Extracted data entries
»»
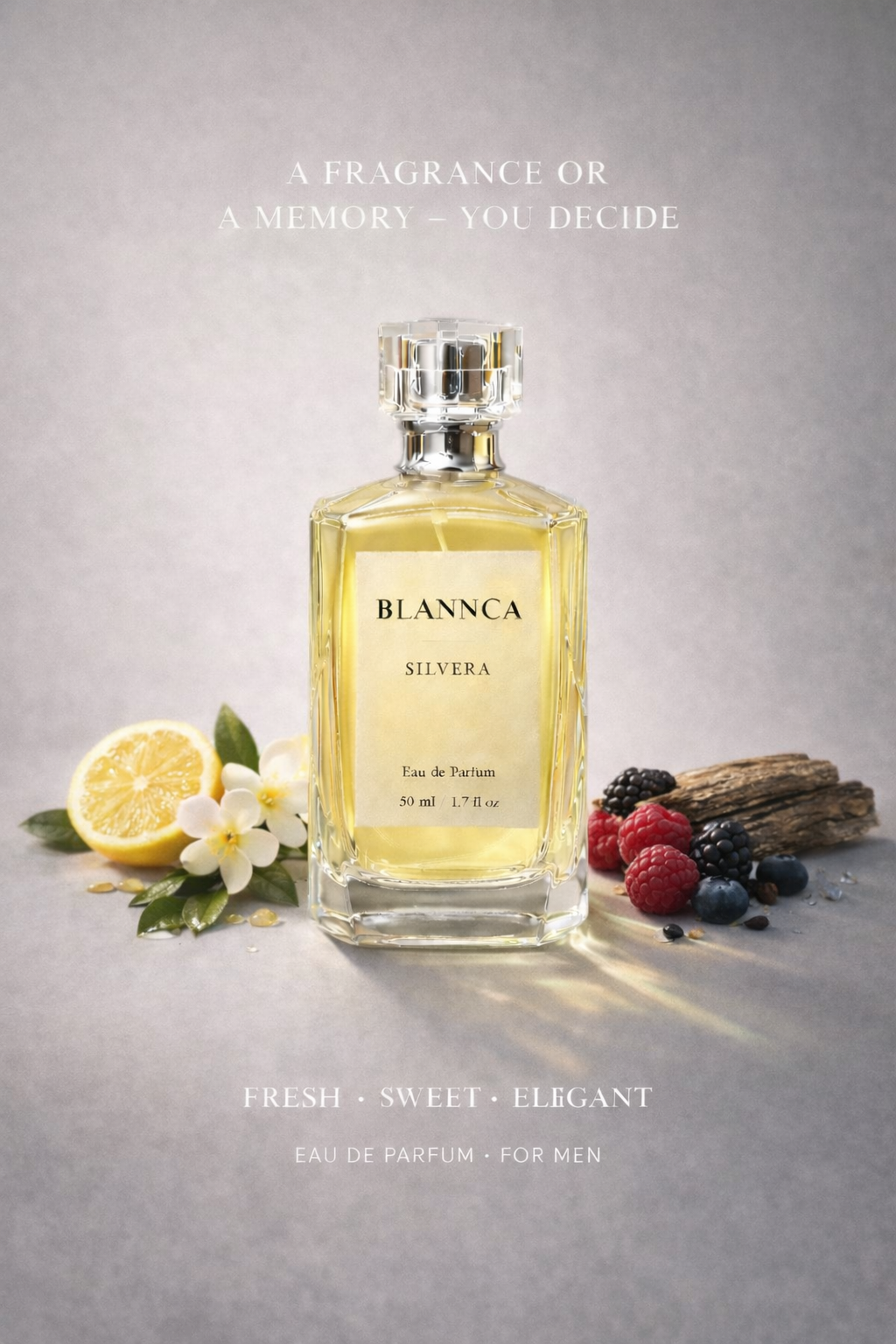 BLANNCA SILVERA – Eau de Parfum (For Men)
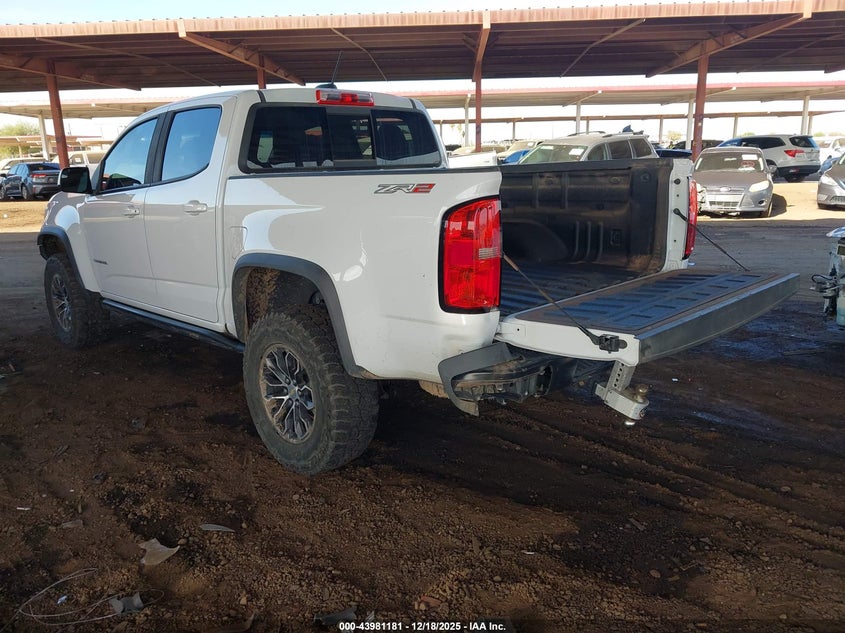 VIN 1GCPTEE18J1267208 2018 CHEVROLET COLORADO ZR2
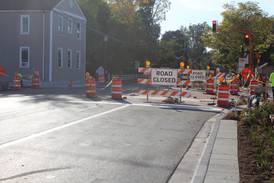 Downtown Cary streetscape taking shape; 1st phase expected to finish this fall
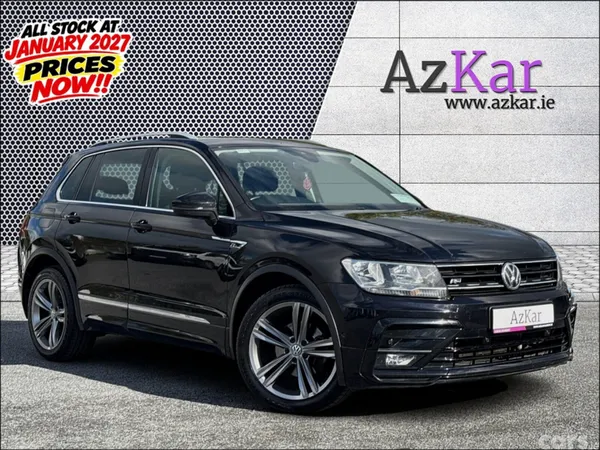 Volkswagen Tiguan SUV, Diesel, 2018, Black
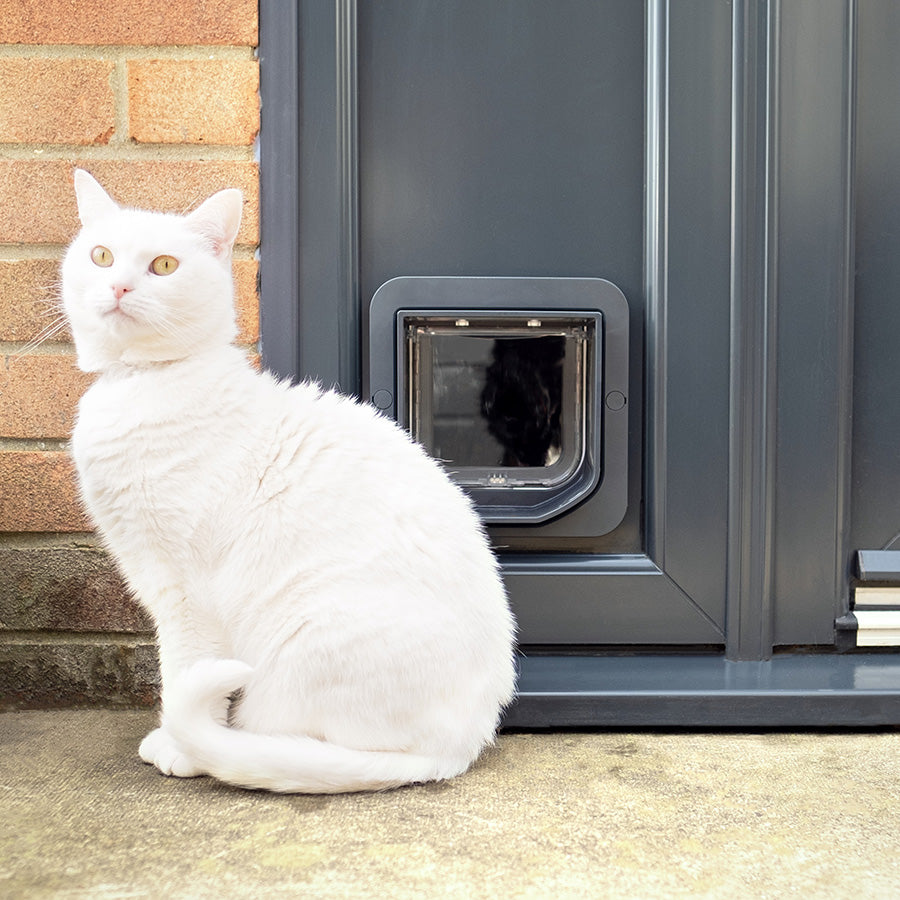 Sureflap Microchip Cat Flap - Grey
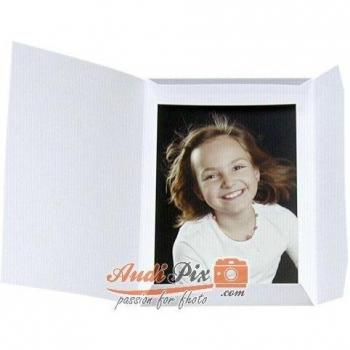 Daiber - 1x100 Carpeta para Retratos Sprint-Line 13x18 Blanco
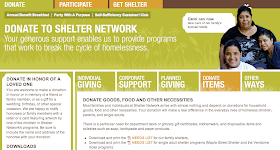 Shelter Network web site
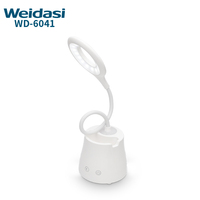 Lampe de lecture de bureau de style moderne, lampe de lecture sur pied tactile LED, lampe de table pour étudiant pour l'étude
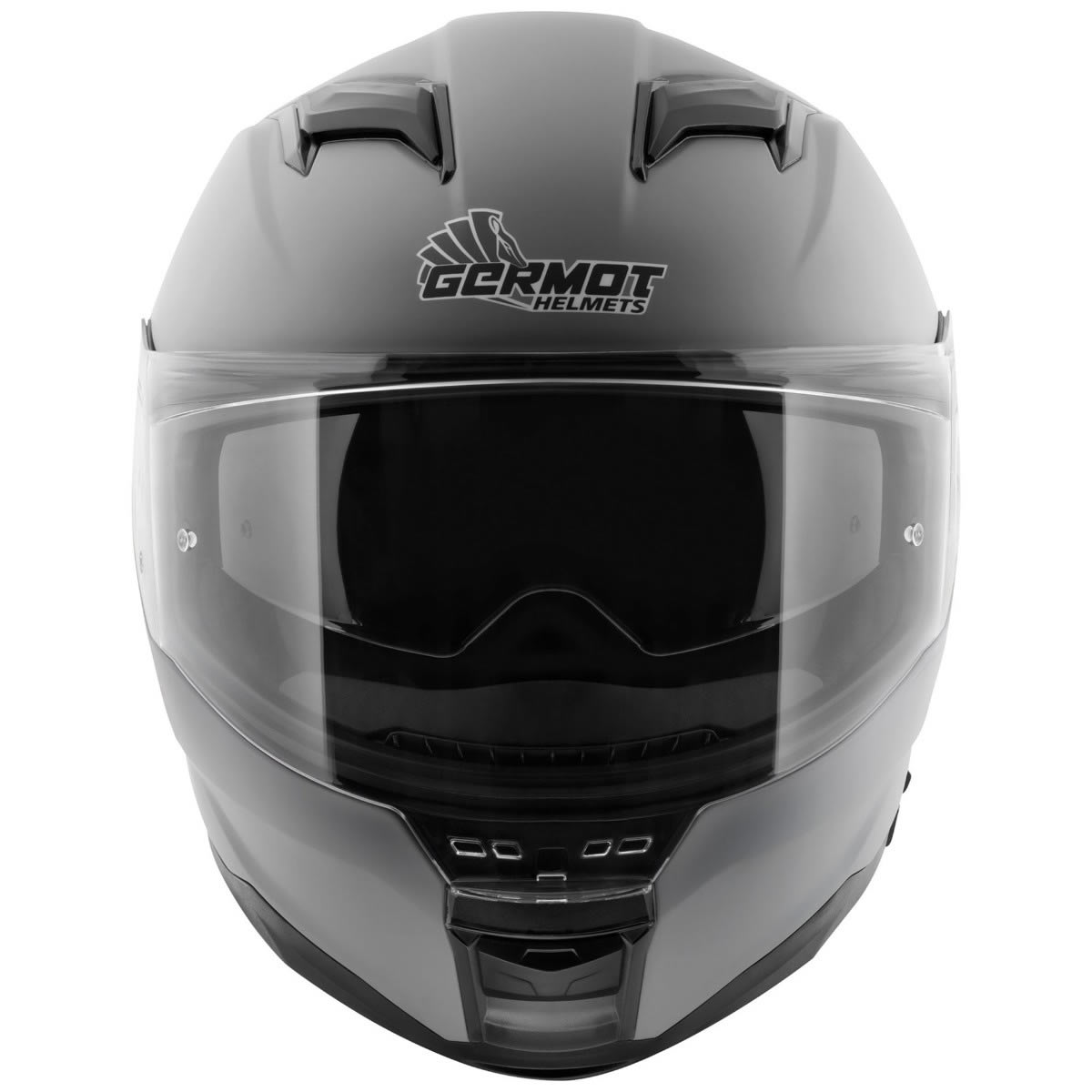 Germot GM 350 Helm, grau matt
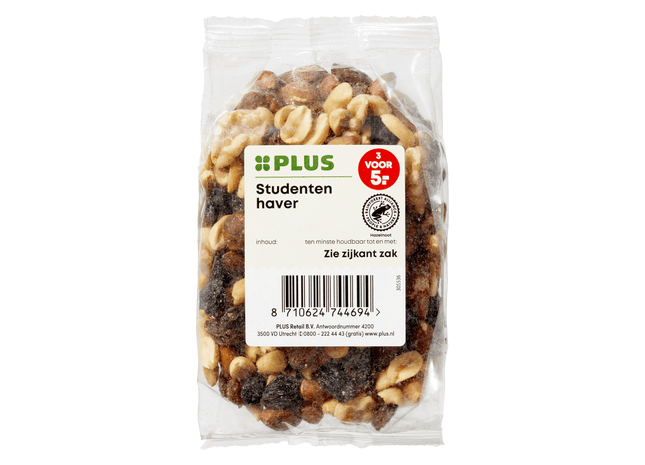 Studentenhaver ongezouten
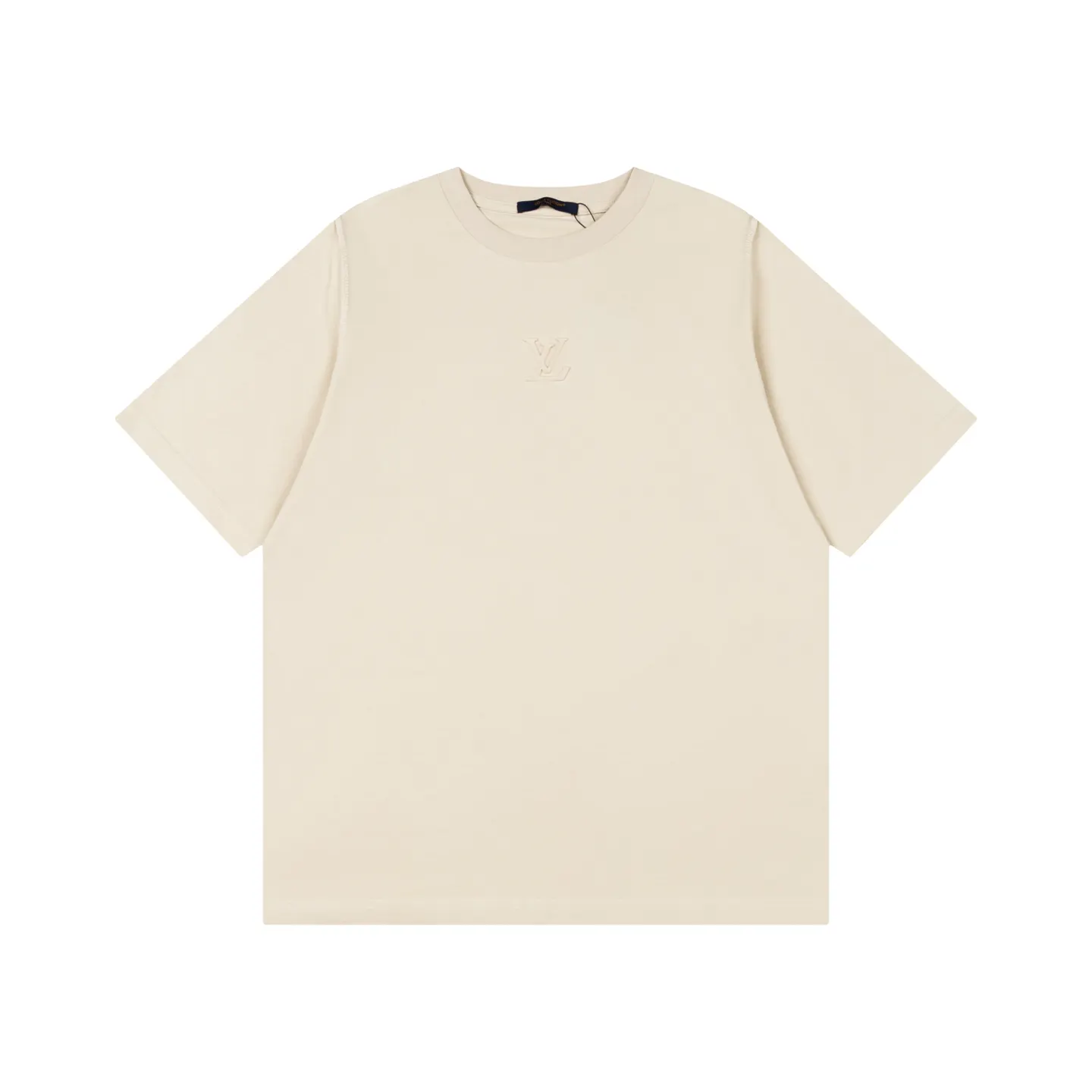 Louis Vuitton Letter Cotton Short Sleeve T-Shirt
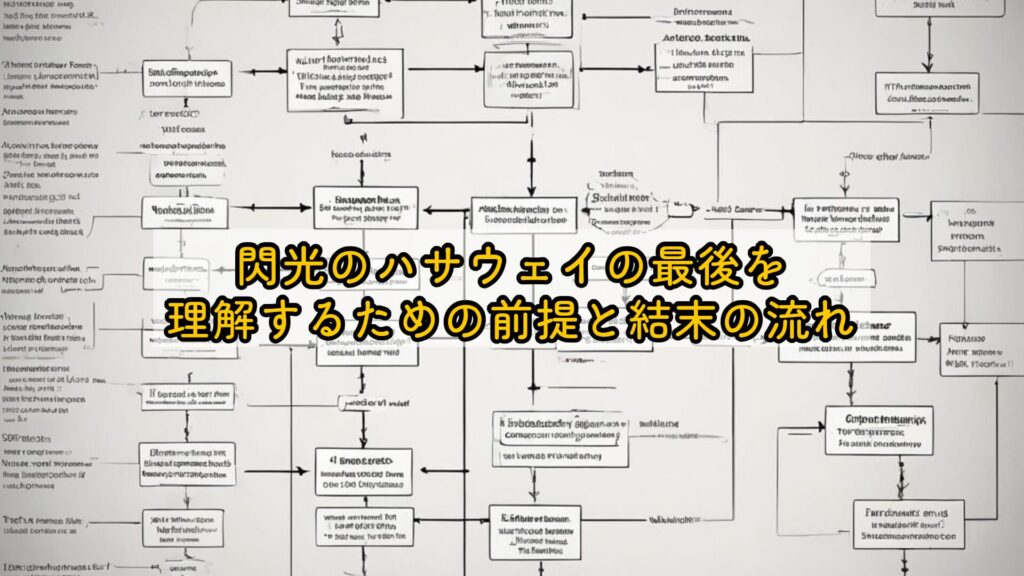 閃光のハサウェイの最後を理解するための前提と結末の流れ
««
__Problem details__: Exactly as they stand, the entries must be written out again, pictures excluded.

__Written response__:
 BLANNCA SILVERA – Eau de Parfum (For Men)
 VIN 1GCPTEE18J1267208 2018 CHEVROLET COLORADO ZR2
 Downtown Cary streetscape taking shape; 1st phase expected to finish this fall
 Volkswagen Tiguan SUV, Diesel, 2018, Black
 Sureflap Microchip Cat Flap - Grey
 Daiber - 1x100 Carpeta para Retratos Sprint-Line 13x18 Blanco
 Shelter Network web site
 Lampe de lecture de bureau de style moderne, lampe de lecture sur pied tactile LED, lampe de table pour étudiant pour l'étude
 Germot GM 350 Helm, grau matt
 Studentenhaver ongezouten
 Louis Vuitton Letter Cotton Short Sleeve T-Shirt
 閃光のハサウェイの最後を理解するための前提と結末の流れ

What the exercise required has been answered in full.